DR: Tell me about your book.
AM: The book is called The Everyday Advocate: Standing Up for Your Autistic Child.
I like to describe it as a road map. It's a comprehensive guide for parents, prospective parents, caregivers and anyone who is involved with the care of a child with special needs. The Everyday Advocate provides them with the information that they need in terms of helping their child get educational, medical and intervention services and other things that a child with special needs requires in order to live a safe life.
DR: I would imagine that having a child with special needs, and in your case autism, changes your life dramatically. It seems to put you in the position of having to fight or retreat and of having to find out what you are made of. It puts you in the position of having to rise to the occasion, or not.
AM: "Or not". Yeah.
First of all getting a diagnosis of a child at that age - most kids are diagnosed with autism between the ages of 18 -24 months
I have met thousands of parents across the country that have kids with autism and we all agree that it is devastating to be told that your child has a condition for which there is no known cause or cure. It's not like diabetes or something else that we are all familiar with, one for which you can take a pill. You are told that your child has autism and you really don't know.
Autism is a spectrum disorder. You just don't know. Your child may speak or he may not speak. Your child may grow up and be able to go to his public school or he may not be able to go. There are a lot more questions than there are answers. That is very frustrating and for a lot of parents it becomes a negative life altering experience. I have met a lot of single moms where autism has caused a break up in their relationship. People quit their jobs and careers and they become almost martyrs. And many parents find the balance and a way to manage the necessary care for their child. Some parents get involved with charities and find ways to carry on with their lives and care for other family members.
Me? I started at the devastation point and fortunately, because of a strong base of support that I had with my husband, my immediate family and with my work family, I was able to move from a place of anguish to one of advocacy in what would probably be considered a relatively quick period of time. Helping others through the non-profit special needs network that I started was really one of the ways that helped me to get outside of myself and to not be so focused on my own situation. Sometimes all it takes is getting involved with helping other people to realize how blessed you are.

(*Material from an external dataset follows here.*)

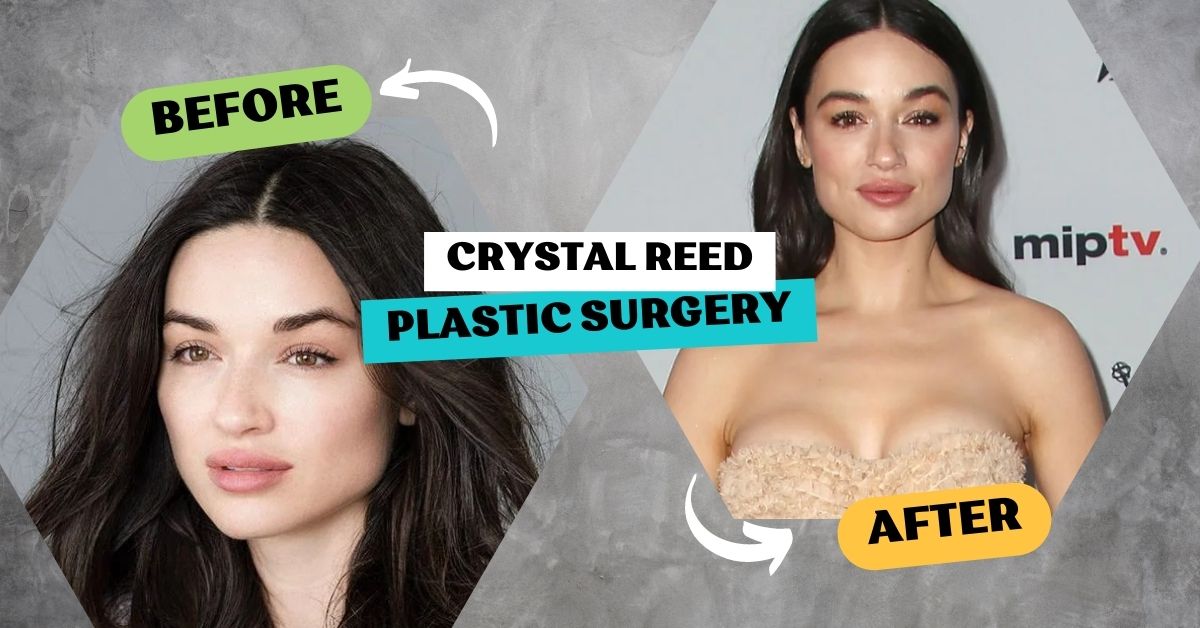 Crystal Reed Plastic Surgery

That has been my journey with my son and my family and that journey has made my family stronger.
My marriage is stronger while statistically, it is reported that as many as 84% of couples divorce over this...
DR: I want to talk about that for a minute. When you find yourself in the middle of an unexpected challenge; something has happened that you can't control what do you do? How do you survive? It's like there is this imaginary fork in the road and one path leads to destruction and the other path leads to this wonderful place of self-discovery.
AM: My life has been one of facing obstacles and confronting them and overcoming them.
I grew up with two very strong women who had very little and I watched them internalize the subliminal message of perseverance and the willingness to deal with whatever life brings.
My grandmother was shot as a young woman and as a result, she was a paraplegic by the time I was born. I lived with her. Here was a woman in a wheelchair living in a small apartment in a housing project and raising her daughter's kids. As a kid I didn't think much of that but obviously that was pretty significant. We are talking the 1970s. Being in a wheelchair was not like what it is today with motorized wheel chairs and ramps and lifts and wide doors and laws. We are talking to leave your house you have to have a strong man who is capable of picking up a person out of a chair and then picking up the chair itself which weighs 60 to 70 pounds and then putting it in a car that is not meant for transporting a person in a wheelchair. So even leaving home for her happened very rarely because it was so challenging. I have to believe that that left an indelible mark on me.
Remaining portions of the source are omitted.